Drafting Considerations
Language
The articles may be drafted in any of Switzerland’s official languages (German, French, Italian, Romansh) or in English. However, the commercial registry may require a translation into the official language of the canton. In practice, most articles in German-speaking cantons are drafted in German, with an English translation maintained for international shareholders.
Level of Detail
Swiss law favours concise articles that set out essential provisions, with operational details addressed in regulations (Organisationsreglement) adopted by the board. Overly detailed articles create administrative burden, as every amendment requires a shareholders’ resolution and notarisation.
Future-Proofing
Founders should draft articles with future capital raises, governance changes, and potential exit scenarios in mind. Common provisions that save time and cost later include:
- Authorised capital provisions
- Conditional capital for employee options
- Flexible purpose clauses
- Provisions permitting virtual shareholders’ meetings (permitted since the 2023 reform)
- Capital band provisions
Amendment Process
Amending the articles of association requires:
- A proposal from the board of directors
- A resolution of the shareholders’ meeting (typically requiring a qualified majority of two-thirds of the votes represented and an absolute majority of the nominal value of shares represented)
- Notarisation of the amendment
- Registration of the amendment with the commercial registry
The commercial registry will not register amendments that conflict with mandatory provisions of law.
Template Structure
A standard set of articles for a Swiss AG typically follows this structure:
- Name, registered office, and purpose (Articles 1–3)
- Share capital and shares (Articles 4–8)
- Shareholders’ meeting — convocation, quorum, voting, resolutions (Articles 9–15)
- Board of directors — composition, powers, organisation (Articles 16–22)
- Auditor (Article 23)
- Financial statements and profit distribution (Articles 24–26)
- Dissolution and liquidation (Articles 27–28)
- Notices and publications (Article 29)
- Transitional provisions (Article 30)
Common Mistakes
- Purpose clause too narrow: A purpose limited to a single activity may require an amendment (and notarisation) when the business diversifies.
- Missing transfer restrictions: Without vinkulierung, registered shares may be freely transferred, potentially allowing unwanted parties into the shareholder base.

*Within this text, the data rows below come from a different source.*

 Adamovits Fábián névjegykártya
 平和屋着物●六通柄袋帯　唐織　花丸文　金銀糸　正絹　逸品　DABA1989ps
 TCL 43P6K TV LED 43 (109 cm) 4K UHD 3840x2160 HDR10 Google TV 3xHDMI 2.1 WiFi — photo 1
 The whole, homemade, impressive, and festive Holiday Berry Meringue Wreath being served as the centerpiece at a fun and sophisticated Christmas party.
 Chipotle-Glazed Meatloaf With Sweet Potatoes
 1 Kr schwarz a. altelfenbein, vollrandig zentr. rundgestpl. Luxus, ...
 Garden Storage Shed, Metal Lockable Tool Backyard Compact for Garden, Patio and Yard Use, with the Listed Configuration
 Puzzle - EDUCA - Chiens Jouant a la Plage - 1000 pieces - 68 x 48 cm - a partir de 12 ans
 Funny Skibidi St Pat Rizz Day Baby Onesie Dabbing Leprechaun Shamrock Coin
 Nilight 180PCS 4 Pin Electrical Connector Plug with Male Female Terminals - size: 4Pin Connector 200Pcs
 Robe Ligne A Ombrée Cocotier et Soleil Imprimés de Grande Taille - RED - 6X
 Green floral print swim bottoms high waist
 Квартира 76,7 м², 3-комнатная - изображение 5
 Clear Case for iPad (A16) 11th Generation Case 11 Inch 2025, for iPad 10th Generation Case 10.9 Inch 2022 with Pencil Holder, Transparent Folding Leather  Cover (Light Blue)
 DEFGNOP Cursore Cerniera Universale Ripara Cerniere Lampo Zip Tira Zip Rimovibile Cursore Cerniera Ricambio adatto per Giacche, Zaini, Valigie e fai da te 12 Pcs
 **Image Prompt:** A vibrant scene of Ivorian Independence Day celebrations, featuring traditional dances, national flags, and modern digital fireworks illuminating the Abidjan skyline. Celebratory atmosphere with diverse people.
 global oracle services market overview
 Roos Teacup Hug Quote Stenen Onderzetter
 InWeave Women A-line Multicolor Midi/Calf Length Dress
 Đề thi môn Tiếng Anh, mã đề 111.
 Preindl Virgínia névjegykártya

- No authorised capital: Omitting this provision means every fundraising round requires a shareholders’ meeting and notarisation, adding time and cost.
- Ignoring the 2023 reforms: Articles drafted before the corporate law reform may not take advantage of new provisions (capital bands, virtual meetings, cryptocurrency for capital contributions).
- Overlooking stamp duty implications: The structure of the articles can affect the timing and amount of issuance stamp duty on capital contributions.
Donovan Vanderbilt is a contributing editor at ZUG BUSINESS. This article is informational and does not constitute legal, tax, or financial advice.